Il faisait beau sur Uluru

Un buveur de bière tourne le dos à Uluru
Pho­to : Peter Delehar

Il fai­sait beau sur Ulu­ru, ce matin là. Il fai­sait beau et j’ai pleuré l’obscénité du peu­ple d’Occident.

J’ai pleuré les voix fortes, les rires vul­gaires et déplacés sur cette terre sacrée. Les objec­tifs qui fouil­lent l’espace, avides, et qui ne respectent pas. Les allées et venues inces­santes des voitures, motos, 4×4 cli­ma­tisés. Le bour­don­nement con­tinu des avions et des héli­cop­tères dans le ciel devenu linceul.

Le bruit inces­sant de l’Occident.

Aujourd’hui, l’espace sacré des peu­ples aborigènes est vio­lé matin et soir par les touristes voleurs d’images. Il est vio­lé tout au long du jour par les touristes voleurs de chemins.

Aujourd’hui, l’Occident con­tin­ue insi­dieuse­ment à per­pétr­er le mas­sacre des peu­ples aborigènes. Les déclencheurs des appareils de prise de vue ont rem­placé les bar­il­lets des fusils. L’alcool a rem­placé l’arsenic déver­sé dans les sources. La pré­car­ité a rem­placé les cou­ver­tures infec­tées de syphilis et de variole.

Bien sûr, depuis vingt ans, les avancées sont immenses pour le peu­ple aborigène, qui s’est vu rétrocéder une par­tie de ses ter­res et recon­naître des droits. Mais ce matin-là, au pied du rocher d’Uluru, elles parais­saient dérisoires. Immen­sé­ment dérisoires.

Acquis­es à quel prix ?
Con­cédées de quel cœur ?
Portées par quelle conscience ?

Il fai­sait beau sur Ulu­ru ce matin-là. Au cœur du rocher, la tribu Anan­gu procé­dait aux pré­parat­ifs des céré­monies d’adieu à un vieux sage. Un très vieux sage. Un de leurs plus haut dig­ni­taires, décédé quelques jours aupar­a­vant, et qui œuvra infati­ga­ble­ment, sa vie durant, à ce que les peu­ples de l’ancien et du nou­veau monde se com­pren­nent et se con­cilient. En signe de deuil, excep­tion­nelle­ment ce jour-là, l’ascension du rocher ne serait pas autorisée.

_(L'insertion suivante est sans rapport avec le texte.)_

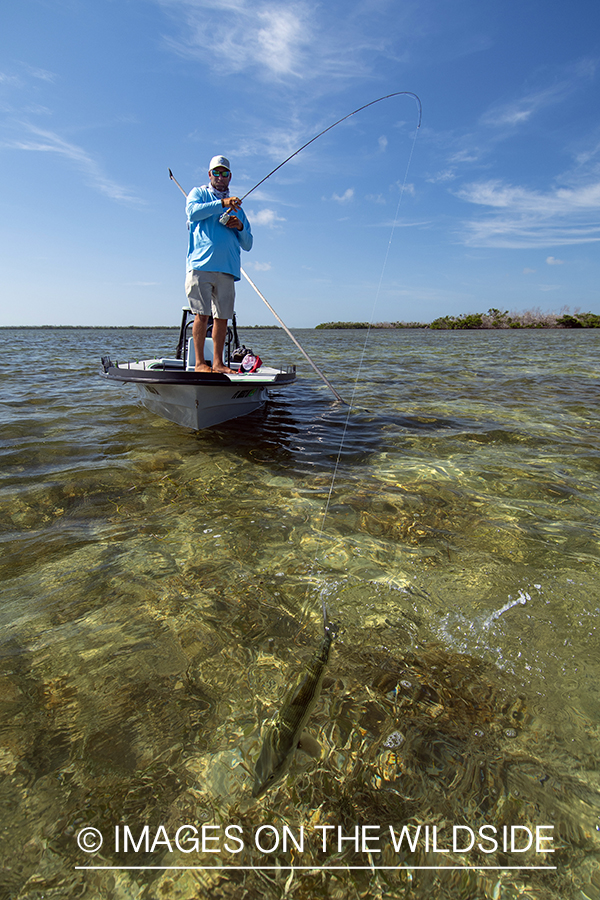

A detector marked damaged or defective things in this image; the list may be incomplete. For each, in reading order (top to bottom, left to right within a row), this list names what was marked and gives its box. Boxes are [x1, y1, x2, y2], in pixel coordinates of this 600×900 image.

L’espace d’un instant, le calme s’est de nou­veau posé sur la terre d’Uluru. Le bruisse­ment des arbres, le cri des oiseaux, le bour­don­nement des insectes se mêlèrent au chant du rocher et à la vibra­tion infinie de la plaine. Ils enfan­tèrent d’un silence éter­nel, immuable…

Les avions de tourisme n’allaient pas tarder à revenir.